Even if i cant tell what exactly is $ln(T_1)$, i see this definition is trying to match the machines outputs ($T_1(w)=T_2(w)$). If we think of Turing Machines (and other Turing-complete models) as general computing devices, not just language recognizers or deciders, it seems to me that this should be the correct (or at least more general) way to prove two Turing Machine are equivalent in power. IIRC TMs as computing devices can also be used as language recognizers, but the reciprocal is not true. So what we really want is to prove that the two models compute exactly the same set of functions, and this requires to compare input and output.
Following my previous reasoning, my second question: Is the equivalence between TMs as defined earlier just proving two TM models are equivalent as acceptors but not as general computing machines?
And if the answer is negative, why would be sufficient to prove the equivalence in that apparently weaker way?
EDIT: comparing popular literature and possible answer for Q2
I found in Elements of the theory of computation (2nd edition, 1997) - Papadimitriou & Lewis a theorem of the same result mentioned earlier:
Theorem 4.3.1 (Any k-tape Turing machine can be simulated by a single-tape machine)
Let $M=(K,\Sigma,\delta,s,H)$ be a k-tape Turing machine for some $k \geq 1$. Then there is a standard Turing machine $M'=(K',\Sigma',\delta',s',H)$, where $\Sigma \subseteq \Sigma'$, and such that the following holds: For any input string $x \in \Sigma^*$, $M$ on input $x$ halts with output $y$ on the first tape if and only if $M'$ on input $x$ halts at the same halting state, and with the same output $y$ on its tape.
I think this is some evidence in favor of my initial thoughts.
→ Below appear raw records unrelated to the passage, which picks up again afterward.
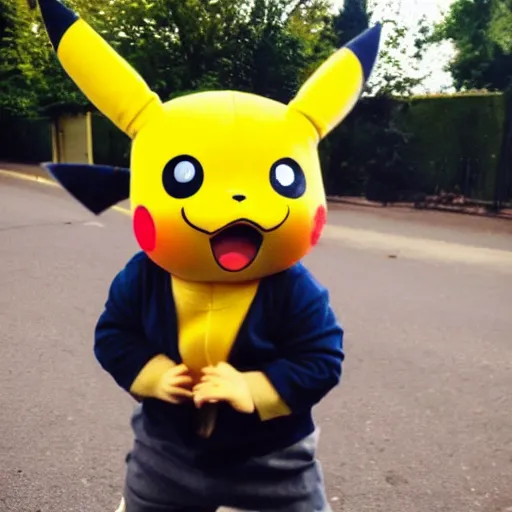 Image similar to a kid dressed up as pikachu zaps his dad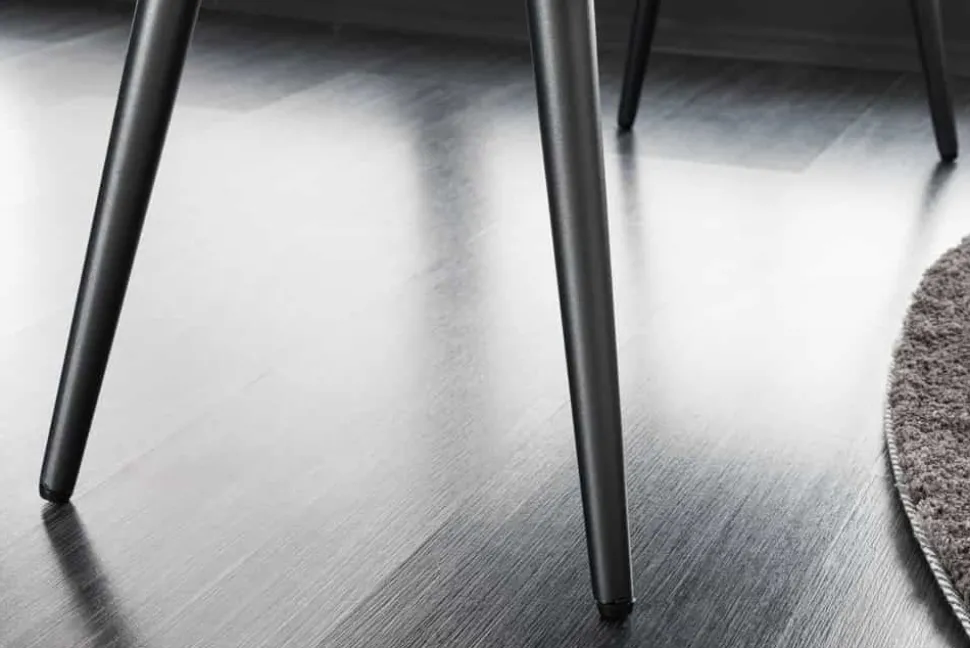 Design Sitzbank BOUTIQUE 100cm grau Strukturstoff schwarze Metallbeine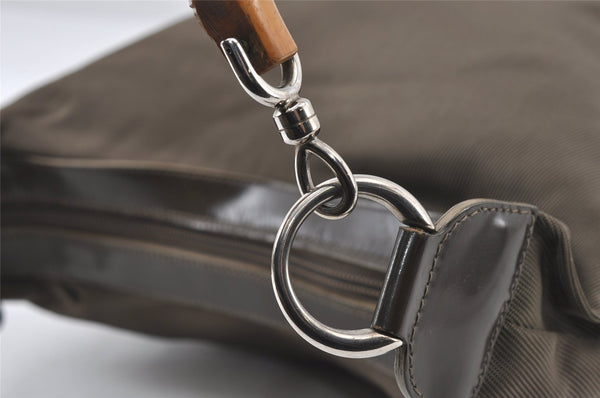 Authentic GUCCI Bamboo Shoulder Hand Bag Purse Nylon Leather Khaki Green 4825I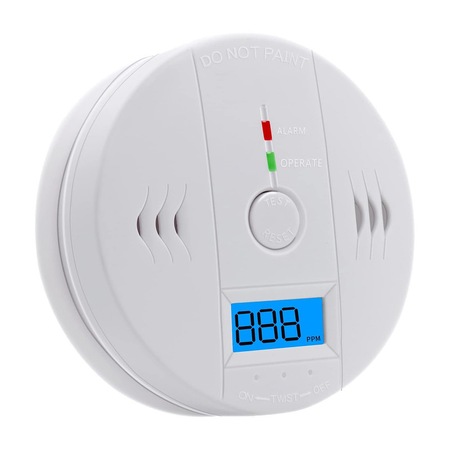 Senzor de gaz, Wireless, Afisaj digital, Portabil, Alb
For a TM model defined to be used as a computing device (and also can be used as acceptor machine), the theorem assert that for every halting input (on the same final state) the output in tape is the same, that is $M(x)=M'(x)=y$.
We can compare this with Introduction to the theory of computation (3rd edition, 2012) - Sipser same but simpler statement:
Every multitape Turing machine has an equivalent single-tape Turing machine.
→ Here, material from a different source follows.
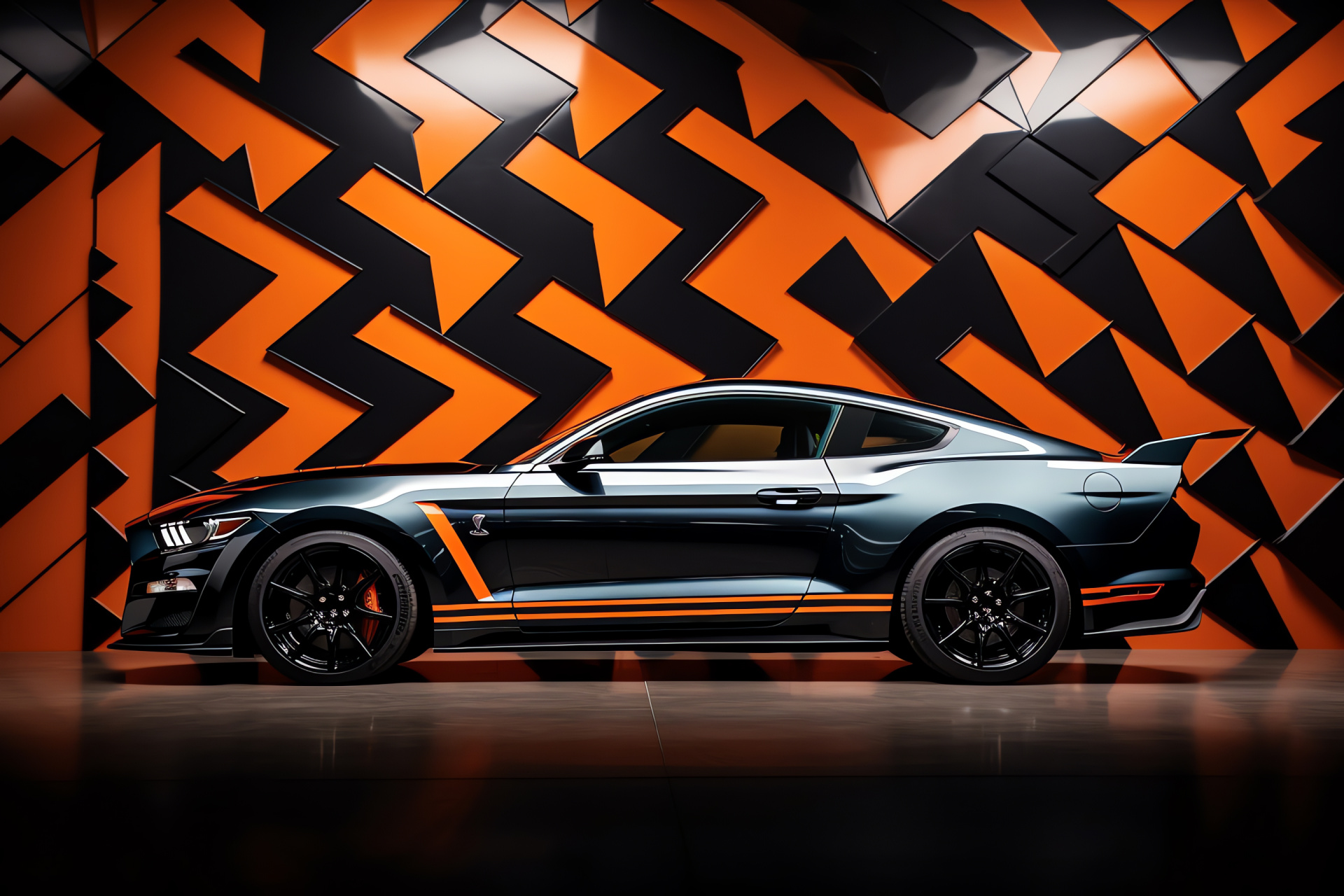 Shelby Mustang GT500 Super Snake, 2020 revision, styled side profile, dynamic backdrop, contrasting orange highlights, HD Desktop Image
but here "equivalent" for Sipser just means the same notion used to compare other simpler automatas, i.e. they must accept the same language. This make sense because Sipser defines TMs especially as acceptor/decider machines with two special halting states.
I conclude the answer for my second question is that equivalence depends on how TMs are conceived (accept/reject vs computing). This explains the different treatment it receives among the authors, and hence my apparent confusion. The linked question to this site is asking about TMs accepting strings, so the answer makes sense to me.
EDIT: some remarks on the definitions and possible answer for Q1
According to those notes:
- $T_1(w)$ means the output of $T_1$ on $w$.
- $T_1(w)=T_2(w)$ means $T_1$ and $T_2$ have same output on $w$ if both terminate on $w$, otherwise neither terminate.
I think @GBat is right, the notation is for "input": $\mathit{In}(T)$. It makes sense because the author want to compare TMs as functions, so presumably he is saying that:
$T_2$ simulate $T_1$ if the domain of $T_2$ includes the domain of $T_1$ (that is $\mathit{In}(T_1) \subseteq \mathit{In}(T_2)$) and for every valid input for $T_1$: $T_1(w)=T_2(w)$.
The author also notes that $T_2$ could have a wider input domain than $T_1$ and consequently compute more than $T_1$, but the what really matters is that $T_2$ can also deal with $T_1$ input.
I guess this is answers my first question. But it would be nice to see an alternative definition/notion for a "simulate" relation to compare. My doubts are on the requirement $\mathit{In}(T_1) \subseteq \mathit{In}(T_2)$, is really necessary?, but at the same time i don't think is wrong.